Associations abound not only with ideas, but with representative leaders and scholars. Put Billy Graham, George Bush, Joel Osteen, Francis Collins, Pat Robertson, Sean Hannity, Benny Hinn, Ken Ham, Jerry Farwell, Kirk Cameron, Mel Gibson, Roger Olson, Denzel Washington, The Fray, Daniel B. Wallace, John MacArthur, and William Lane Craig in a room together and you will have run the gamut on people’s thoughts of association. But try to assign a marriage counselor to this group and you will need to send him to a psychiatrist shortly after he pulls his hair out and recommends class-action divorce. The only thing many of them would have in common is the name “Evangelical.” Beyond that, their messages will represent an ever broadening rift of people’s thoughts on the mission and doctrine of the Church. With so many people claiming to be Evangelical, it makes one wonder whether Evangelicalism is beyond the possibility of defining. To put it another way: If Evangelicalism can mean so many things, doesn’t it cease to mean anything at all?

This difficulty in defining Evangelicalism should not surprise us. All movements are difficult to define, especially when their is no dictatorship which holds all the cards in their hands. Even when it comes to institutions such as the Roman Catholic church, one finds that there is hardly unanimity on what the Catholic church is and what it is supposed to be doing. If the Pope tries to clarify things, the church endlessly debates what the true meaning of what the Pope said! Try to define liberalism, conservatism, or the “idea” of America, and you will find the same issues. However, in each of these, like with Evangelicalism, history has narrowed the playing field to where some definite boundaries can be found. There is hope.

Lots of Evangelicals are ready to jump ship for due to the variety of associations. They are looking for cleaner waters to wade in. Not only are they dissatisfied with the ship, but they believe it is sinking and there is no reason to fight to keep it afloat.
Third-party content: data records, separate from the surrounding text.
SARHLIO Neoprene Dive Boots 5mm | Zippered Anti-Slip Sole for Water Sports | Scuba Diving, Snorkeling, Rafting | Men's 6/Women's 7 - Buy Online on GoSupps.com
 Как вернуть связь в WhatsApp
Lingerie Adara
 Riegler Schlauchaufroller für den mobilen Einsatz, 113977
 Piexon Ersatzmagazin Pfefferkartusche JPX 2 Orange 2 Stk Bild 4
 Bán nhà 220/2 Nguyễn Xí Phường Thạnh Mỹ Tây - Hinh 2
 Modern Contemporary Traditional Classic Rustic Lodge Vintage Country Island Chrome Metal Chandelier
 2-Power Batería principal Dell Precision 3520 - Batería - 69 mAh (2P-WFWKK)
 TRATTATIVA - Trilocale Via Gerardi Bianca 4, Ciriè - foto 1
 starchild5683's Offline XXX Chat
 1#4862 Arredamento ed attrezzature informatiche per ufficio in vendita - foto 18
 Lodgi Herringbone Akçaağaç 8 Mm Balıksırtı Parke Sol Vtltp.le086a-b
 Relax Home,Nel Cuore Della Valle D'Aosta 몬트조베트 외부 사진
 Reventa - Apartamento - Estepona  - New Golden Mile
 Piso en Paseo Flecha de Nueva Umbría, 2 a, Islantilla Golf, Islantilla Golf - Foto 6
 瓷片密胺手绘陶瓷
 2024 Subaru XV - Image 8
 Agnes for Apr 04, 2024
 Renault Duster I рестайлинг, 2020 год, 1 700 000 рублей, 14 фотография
Some, both inside and outside the Christian faith, have even been predicting the demise of Evangelicalism in the next decade or so. “Emerging” and post-evangelical variations have been attempting to tag the hand of Evangelicalism for nearly two decades, but have yet to have much success. Evangelicalism simply won’t get out of the ring.

Though an incredibly large majority of Americans identify themselves as Evangelicals (some reports have as many as 92 million, but it is probably closer to 78 million), most outsiders do not have a favorable estimation of Evangelicals. From a Barna study from a few years ago, Evangelicals ranked tenth out of eleven in terms of positive impressions. Who did Evangelicals out-rank? Prostitutes. But we came behind Lesbians, Lawyers, Republicans, Democrats, and “born-again Christians.” You might ask what is the difference between a “born-again Christian” and an Evangelical? Important question and we will get to that, but for now it is important to see that the outside world believes there is a difference and Evangelicals are definitely behind in popularity. Only twenty-two percent of those surveyed said they had a favorable view of Evangelicalism while twenty-three percent were definitely unfavorable.

More importantly, most of seventy million plus who identify themselves as Evangelicals would not be able to truly define it any more than self-identified capitalists would be able to define capitalism. “I don’t know what it is. But whatever it is, I’m one them.” This ignorance is used as a dangerous broad sword by those who wish to manipulate religion, politics, and society at the deepest level. And it often works.

Evangelicalism is both broader and narrower than people think. There is simply no singular characteristic or belief that qualifies one to take the title. Rather, as we shall see, Evangelicalism is a mix of many different essential characteristics and beliefs. 

It has already been said obscurely, but it is important to emphasize clearly: there is no body, group, or leader of Evangelicalism. There is no office, building, or home church which serves as the Evangelical headquarters. It is an adjective that serves to describe characteristics in a diverse body of Christianity. It is “transdemoninational” in its scope. One can be an Evangelical Baptist, Mennonite, Presbyterian, Wesleyan, or the like. One does not even, strictly speaking, have to go to church to be an Evangelical. As well, contrary to popular belief, there are many characteristics that people think belong to Evangelicals which Evangelicalism carries no stock in.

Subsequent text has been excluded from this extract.